The director raised a respectful $300,000 that he used to document his yearlong travels across the country, following the 2011 season of the International Gay Rodeo Association.
Livadary also says that if he had it to do all over again, he wouldn’t necessarily go the crowfunding route or he would do it differently. “It took all of my time to push the cause on all of my social media platforms. I was also individually emailing and calling donors WHILE I was shooting, editing and traveling with the documentary. It was exhausting. Next time, I’d consider hiring a crowdfunding service or skipping it altogether.”
For post funds to finish his film, he’s gone another route.
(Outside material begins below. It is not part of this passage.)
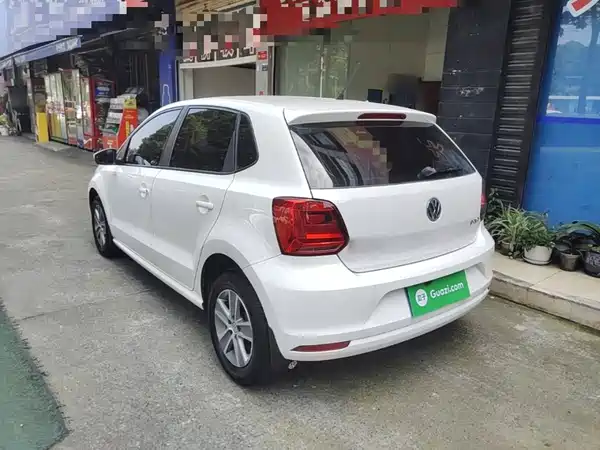 Volkswagen Polo 2016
1. Appeal to the crowdfunding gurus themselves.
Kickstarter, Indiegogo and other services feature individual campaigns. This is one of the biggest goals to hit out of the gate. By being a “Featured Project” Or “Projects We Love” on one of the major crowdfunding sites, you are putting your project out to strangers thereby exponentially increasing your odds of being fully funded, sometimes in record time.
Wesley and Brad Sun saw their project Chinatown: A Graphic Novel hit $11,000 in just 5 days. “People responded to us because they believed in what we were doing. We also set the bar a little low. We even extended our goal to $15,000 and got that in two more days.” As you can see here , their approach wasn’t that special but it hit the mark with donors.
Tip: To get featured on crowdfunding sites, record a video and feature aspects of your project. Don’t be stiff and formal. Don’t spend a fortune either. Be human, be charming and be honest. People like straightforward and funny. You want to go to there.
2. Recruit supporters to Facebook and Twitter from different angles so that you aren’t out there by yourself.
Carefully craft each pitch from each friend. People are used to being hit up on these platforms so you need to brainstorm with friends and colleagues on how they will connect. Humor is a great way to go.
3. Thank people who contribute along the way, no matter the result.
This is kind of huge. Your mom told you to say “please” and “thank you” but this goes double for raising funds. There is nothing more important than individually thanking each person who contributes to your campaign. A personalized email, text or call (depending on your relationship with the donor) is essential in garnering more support. A shout out on Facebook or Twitter is fine but try to call out individual names. Don’t just scattergun a “Hey, big ups to my donors.” Plus, it’s just the right thing to do.
Tip: Sheila Branult, an independent marketer from Seattle, encourages people not to beg. “It really puts people off when you beg. Also avoid guilting people into giving. Be funny and warm. And be simple about your approach. People don’t need to know all of your hopes and dreams. Make it simple for them to contribute. People respond to the simple approach rather than a complicated one.”
4. Learn from your mistakes and try again.
If your project runs out of time or you just don’t hit your goal for other reasons, don’t give up. Wait a bit, get feedback from friends, family and most importantly colleagues and then re-craft your approach.
The best thing you can do is be open, flexible and willing to head in another direction. And…have fun. That’s the best way to do anything.